Marwan Jafar: Perlu Data Terpadu Kuat dan Eksekutor yang Baik buat Membantu UMKM
Kementerian Koperasi dan UKM harus mampu menjadi konduktor yang mengorkestrasi serius penguatan UMKM.
TRIBUNJOGJA.COM - Sejauh ini belum ada data terpadu dan yang disepakati dipakai buat menangani pelaku UMKM secara lebih baik, khususnya di Kementerian Koperasi ran UKM.
Data besar ini juga mesti memetakan jelas mana kluster UMKM yang sungguh sehat, setengah sehat, tidak sehat dan sebagainya.
Selain itu, di tengah sangat besarnya perhatian dan harapan publik kepada UMKM di tengah Pandemi Covid 19 sebagai krisis kesehatan, ekonomi serta politik kita wajib membantu UMKM agar tetap bertahan.
Krisis ini sangat berbeda dengan Krisis 98 yang hanya menyentuh ekonomi dan politik, tanpa ada krisis kesehatan. Saat itu UMKM banyak disebut bisa berperan sebagai katup penyelamat ekonomi.
Tapi, di masa Pandemi ini dampak yang ditanggung kalangan UMKM sekarang juga lebih kompleks. Solusinya, Kementerian Koperasi dan UKM harus mampu menjadi konduktor yang mengorkestrasi serius penguatan UMKM.

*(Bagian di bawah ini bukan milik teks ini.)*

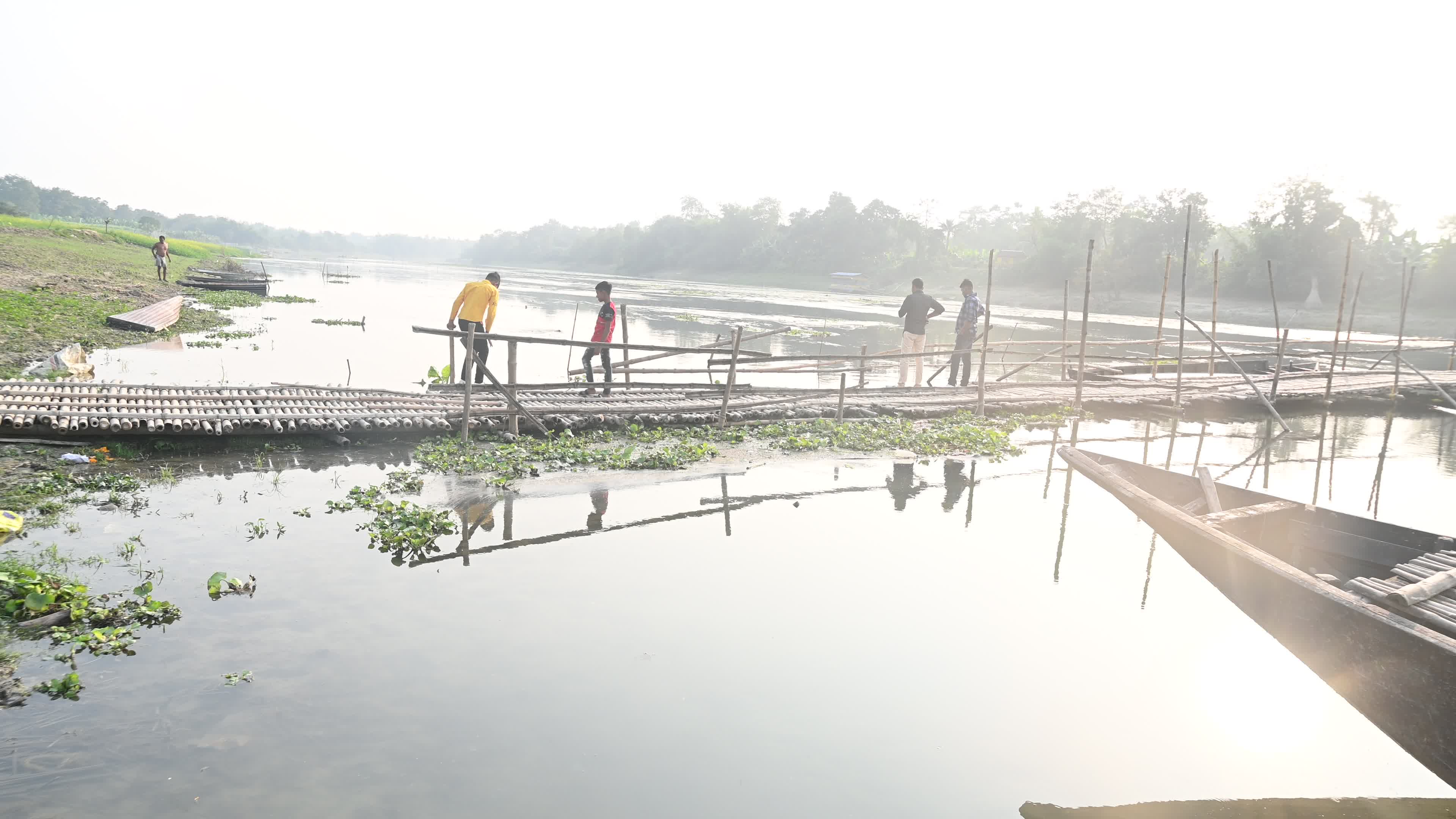 Long Bamboo Bridge Across A River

Hal itu ditegaskan oleh anggota Komisi VI DPR RI Marwan Jafar pada diskusi intensif hasil kerja sama Tirto.id dengan BNPB kemarin (24/11/2020) di Jakarta.
Bertema 'Memberdayakan UMKM di Tengah Pandemi', diskusi yang digelar secara webinar ini juga menghadirkan peneliti dari lembaga INDEF Media Wahyudi Askar.
Marwan menjelaskan, bersama koleganya di Komisi VI juga sudah merekomendasikan agar status atau kelas Kementerian Koperasi-UKM ditingkatkan kewenangan dan nomenklaturnya dari kelas C menjadi B, sehingga tupoksi menjadi lebih jelas buat merealisasikan program pemerintah.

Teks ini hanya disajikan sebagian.